Trai will scrap IUC from 1 Jan, 2021, instead of next month. Jio said a delay in scrapping IUC is unwarranted, anti-poor, and sabotages the govt’s Digital India mission
 New Delhi: The telecom regulator on Tuesday deferred by a year a plan to scrap a levy charged by operators for handling incoming calls from rival networks, offering relief to older telcos that generate a part of their revenue from interconnect usage charges (IUC).
The Telecom Regulatory Authority of India (Trai) will now scrap IUC from 1 January 2021 instead of next month. As a result, operators will continue to earn 6 paise a minute for every mobile call they receive on their networks till 31 December, 2020.
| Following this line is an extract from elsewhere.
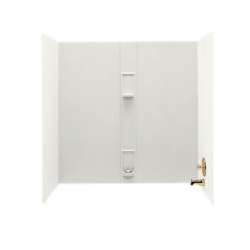 30-in D x 60-in W x 60-in H Solid Surface Bathtub Wall Kit in Bisque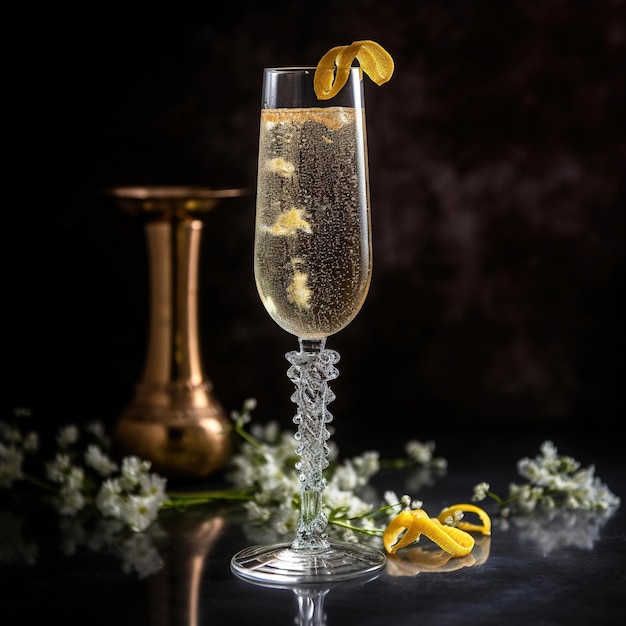 frischer Cocktail mit Blumen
The regulator has changed its stance about two years after it decided to scrap the levy from 1 January, 2020, a move that older telcos Vodafone Idea Ltd and Bharti Airtel Ltd claimed favoured newer entrant Reliance Jio Infocomm Ltd because its outgoing voice traffic was much higher than incoming. Scrapping IUC would benefit an operator with more outgoing traffic.
Telcos will continue earning 6 paise a minute for every mobile call they receive on their networks till 31 Dec, 2020
 Trai cites ‘inadequate’ adoption of 4G for voice calls, asymmetries in inter-operator traffic as reasons to defer scrapping of IUC
 Trai’s decision comes as a major relief for Bharti Airtel and Vodafone Idea, which have reported record losses in the quarter ended 30 September. Jio, which had 64% of its total traffic as outgoing as of June-end, favoured the levy being scrapped.
A zero IUC, or bill and keep, regime means operators would not make any money for receiving calls on their networks. If the traffic flow among operators is symmetrical, it will not have a negative impact on any operator as it is simply a charge paid by one operator to another.